With the disappearance of the concept of the actor into a transparency seemingly as natural as life itself, comes the disappearance of the set. Let us understand one another, however. De Sica’s film took a long time to prepare, and everything was as minutely planned as for a studio superproduction, which as a matter of fact, allows for last-minute improvisations, but I cannot remember a single shot in which a dramatic effect is born of the shooting script properly so called, which seems as neutral as in a Chaplin film. All the same, the numbering and titling of shots does not noticeably distinguish Ladri di Biciclette from any ordinary film. But their selection has been made with a view to raising the limpidity of the event to a maximum, while keeping the index of refraction from the style to a minimum.
This objectivity is rather different from Rossellini’s in Paisà but it belongs to the same school of aesthetics. One may criticize it on the same grounds that Gide and Martin du Garde criticized romantic prose—that it must tend in the direction of the most neutral kind of transparency.

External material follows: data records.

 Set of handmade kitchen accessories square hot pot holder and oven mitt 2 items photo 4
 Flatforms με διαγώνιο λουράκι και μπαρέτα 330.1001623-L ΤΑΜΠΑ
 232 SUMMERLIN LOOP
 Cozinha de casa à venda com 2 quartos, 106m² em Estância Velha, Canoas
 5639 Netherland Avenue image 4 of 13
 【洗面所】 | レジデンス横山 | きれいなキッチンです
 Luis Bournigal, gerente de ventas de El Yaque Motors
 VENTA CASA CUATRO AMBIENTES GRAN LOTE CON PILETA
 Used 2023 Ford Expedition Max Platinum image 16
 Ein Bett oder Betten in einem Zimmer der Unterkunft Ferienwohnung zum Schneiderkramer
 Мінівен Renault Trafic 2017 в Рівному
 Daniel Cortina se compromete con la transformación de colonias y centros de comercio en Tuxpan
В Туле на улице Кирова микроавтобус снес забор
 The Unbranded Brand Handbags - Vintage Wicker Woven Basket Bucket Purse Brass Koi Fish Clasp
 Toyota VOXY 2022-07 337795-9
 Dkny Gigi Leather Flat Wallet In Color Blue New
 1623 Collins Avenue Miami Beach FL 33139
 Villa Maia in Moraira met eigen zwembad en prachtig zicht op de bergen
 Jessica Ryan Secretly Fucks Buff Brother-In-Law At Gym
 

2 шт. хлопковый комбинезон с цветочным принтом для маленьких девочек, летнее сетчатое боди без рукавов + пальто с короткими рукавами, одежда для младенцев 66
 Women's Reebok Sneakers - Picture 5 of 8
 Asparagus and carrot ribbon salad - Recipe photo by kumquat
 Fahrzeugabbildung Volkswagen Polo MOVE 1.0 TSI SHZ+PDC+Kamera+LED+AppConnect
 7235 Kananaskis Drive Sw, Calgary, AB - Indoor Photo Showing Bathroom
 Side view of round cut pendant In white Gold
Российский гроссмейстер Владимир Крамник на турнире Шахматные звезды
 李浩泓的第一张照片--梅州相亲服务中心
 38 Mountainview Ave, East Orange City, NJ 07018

Just as the disappearance of the actor is the result of transcending a style of performance, the disappearance of the mise en scène is likewise the fruit of a dialectical progress in the style of the narrative. If the event is sufficient unto itself without the direction having to shed any further light on it by means of camera angles, purposely chosen camera positions, it is because it has reached that stage of perfect luminosity which makes it possible for an art to unmask a nature which in the end resembles it. That is why the impression made on us by Ladri di Biciclette is unfailingly that of truth.
If this supreme naturalness, the sense of events observed haphazardly as the hours roll by, is the result of an ever-present although invisible system of aesthetics, it is definitely the prior conception of the scenario which allows this to happen. Disappearance of the actor, disappearance of mise en scène? Unquestionably, but because the very principle of Ladri di Biciclette is the disappearance of a story.
The term is equivocal. I know of course that there is a story but of a different kind from those we ordinarily see on the screen. This is even the reason why De Sica could not find a producer to back him. When Roger Leenhardt in a prophetic critical statement asked years ago “if the cinema is a spectacle,” he was contrasting the dramatic cinema with the novel-like structure of the cinematic narrative. The former borrows from the theater its hidden springs. Its plot, conceived as it may be specifically for the screen, is still the alibi for an action identical in essence with the action of the classical theater. On this score the film is a spectacle like a play. But on the other hand, because of its realism and the equal treatment it gives to man and to nature the cinema is related, aesthetically speaking, to the novel.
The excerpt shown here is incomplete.